* _EXERCISE AIM_:
For every line below, output the text exactly and leave out images.

* _SUPPLIED DATA_:
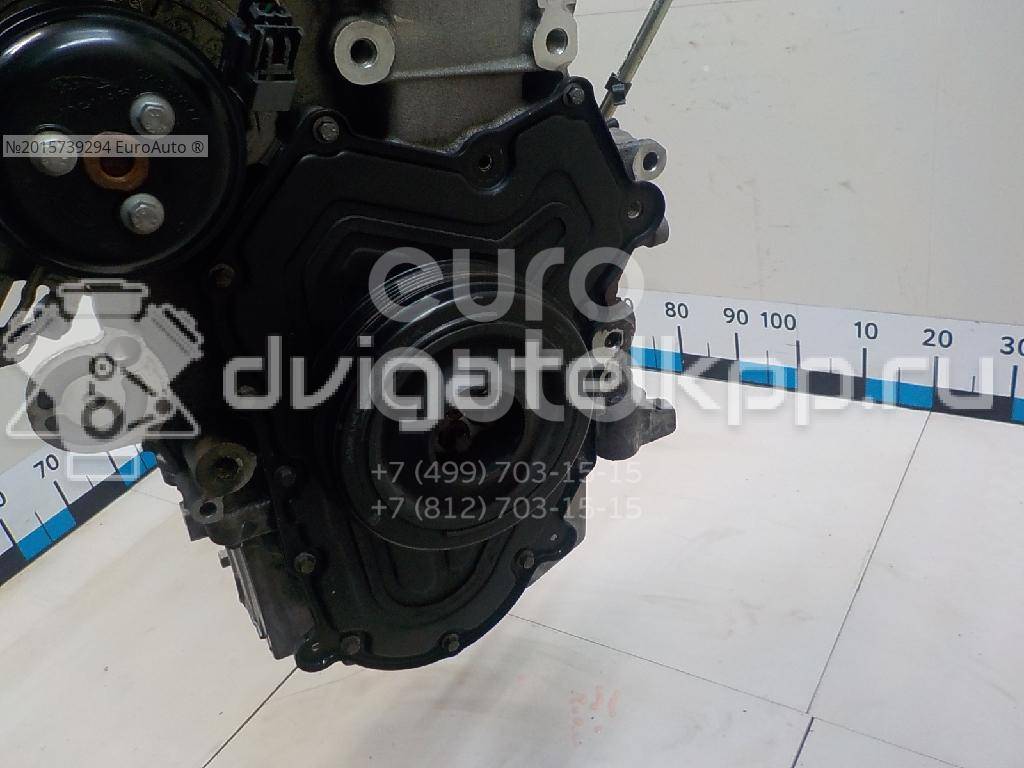 Фото Контрактный (б/у) двигатель 204DTD для Jaguar / Land Rover 150-180 л.с 16V 2.0 л Дизельное топливо LR073828 {forloop.counter}}
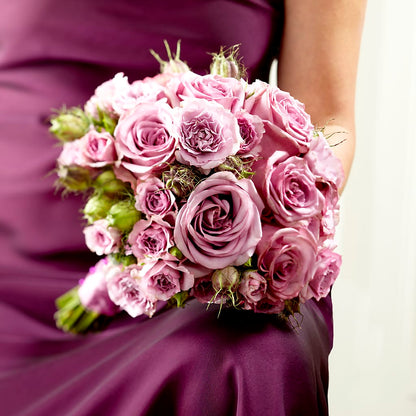 Veronica Bouquet – CHARLY'S FLOWERS, San Jose CA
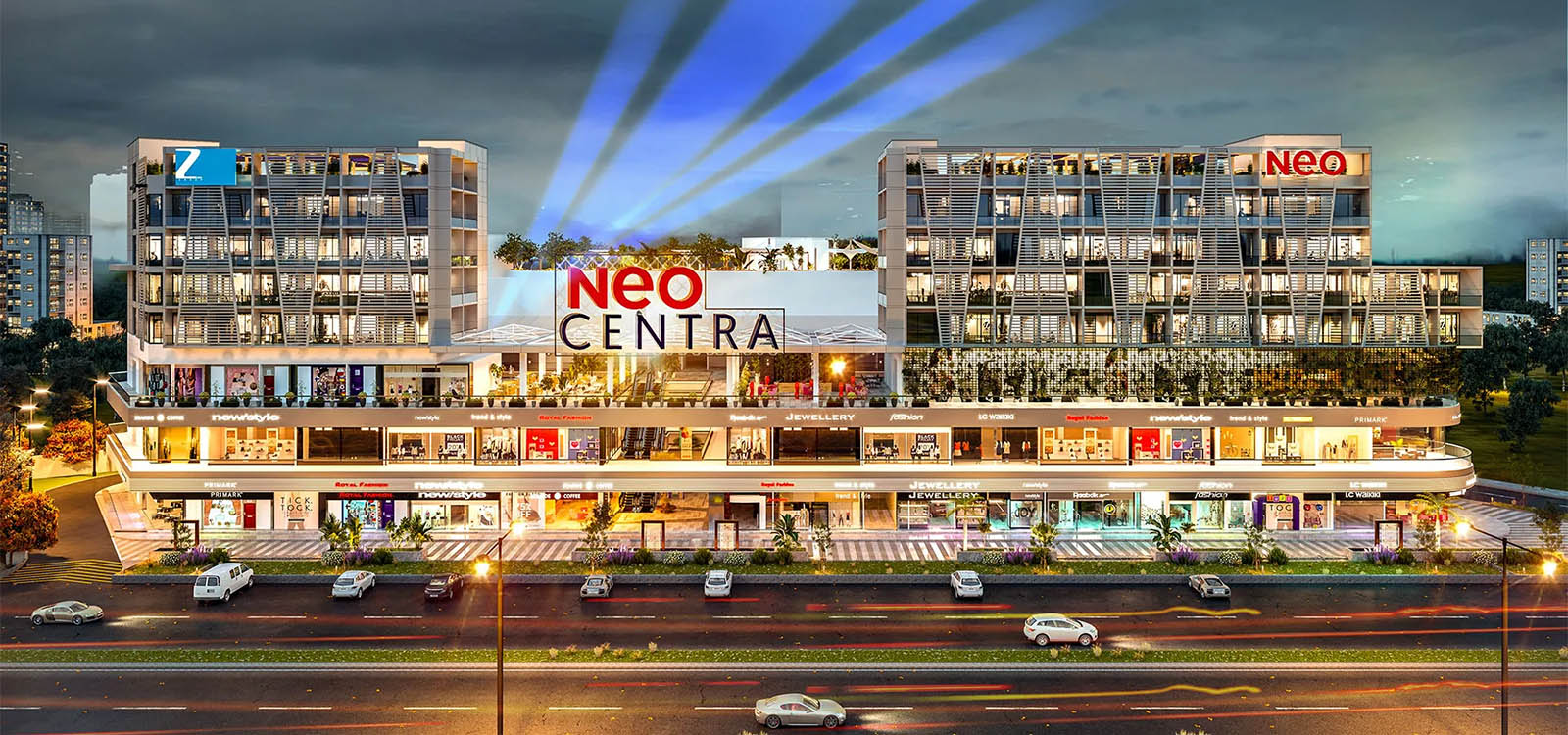 NEO Centra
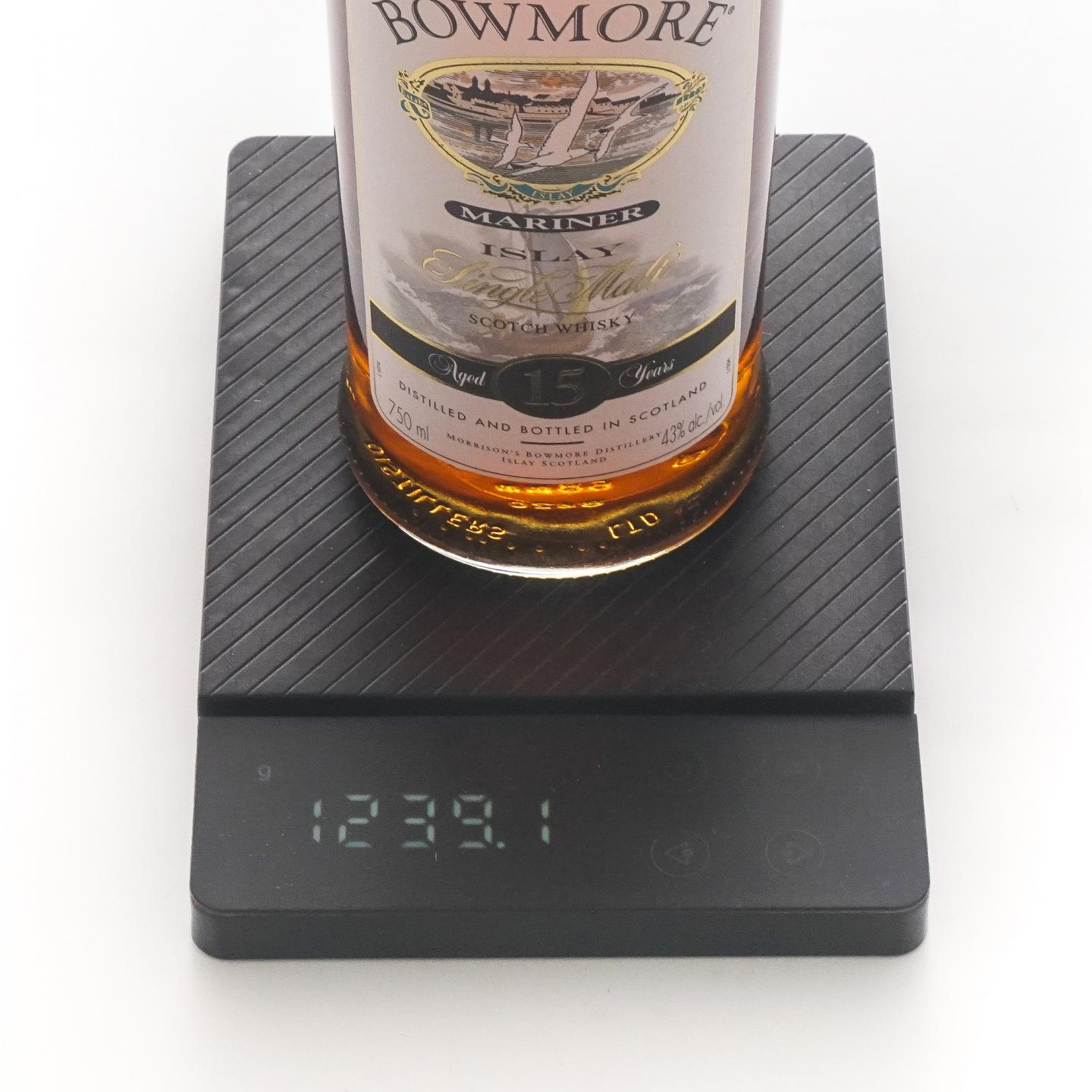 Bowmore 波摩 15年 Mariner 海鸥标 750ml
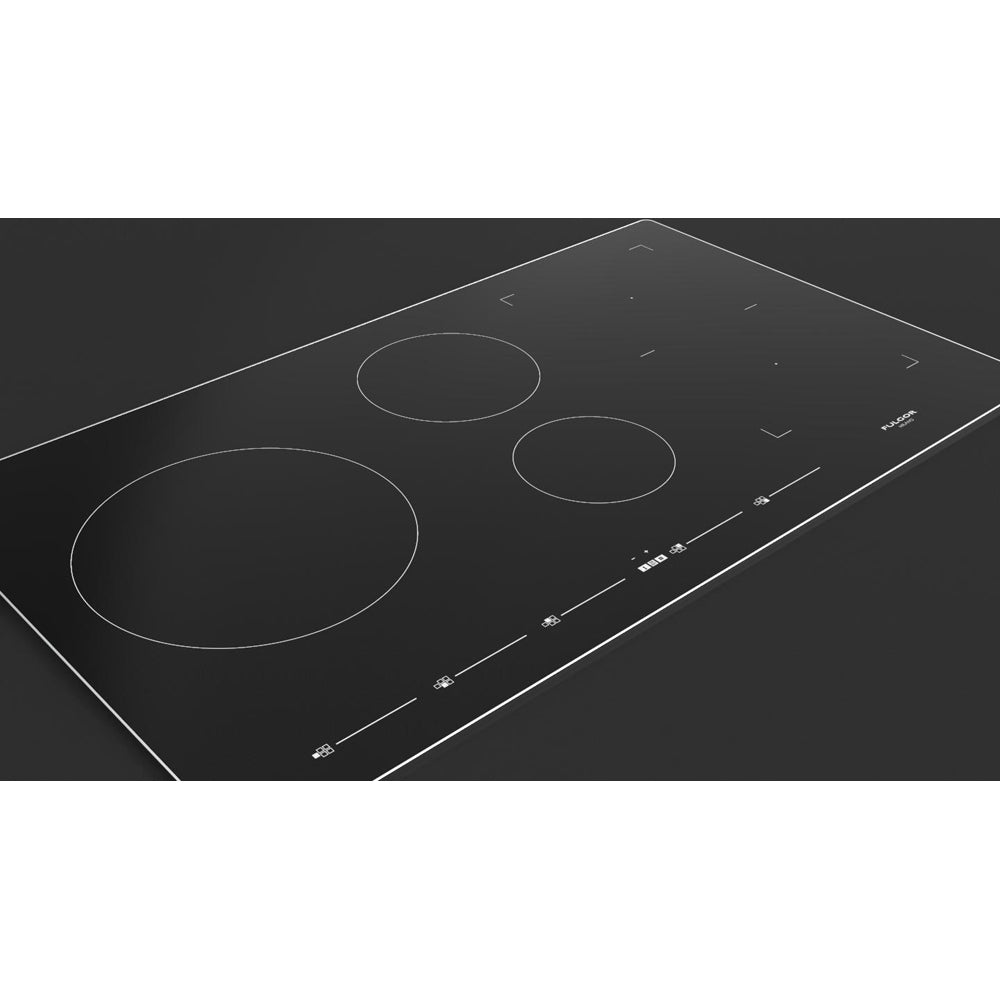 Fulgor Milano 36 Inch 700 Series Induction Cooktop with 5 Burners - F7IT36S1 | Professional Grade for Home Kitchen & Restaurant Use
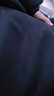 GENIOLAMODE森马集团加绒卫衣男纯色休闲圆领保暖上衣日常百搭衣服男装 实拍图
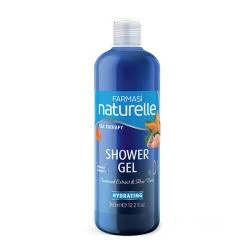 image of Naturelle Tengeri alga & Aloe vera tusfürdő 325 ml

* _RESULT BELOW_:
 Фото Контрактный (б/у) двигатель 204DTD для Jaguar / Land Rover 150-180 л.с 16V 2.0 л Дизельное топливо LR073828 {forloop.counter}}
 Veronica Bouquet – CHARLY'S FLOWERS, San Jose CA
 NEO Centra
 Bowmore 波摩 15年 Mariner 海鸥标 750ml
 Fulgor Milano 36 Inch 700 Series Induction Cooktop with 5 Burners - F7IT36S1 | Professional Grade for Home Kitchen & Restaurant Use
 GENIOLAMODE森马集团加绒卫衣男纯色休闲圆领保暖上衣日常百搭衣服男装 实拍图
 image of Naturelle Tengeri alga & Aloe vera tusfürdő 325 ml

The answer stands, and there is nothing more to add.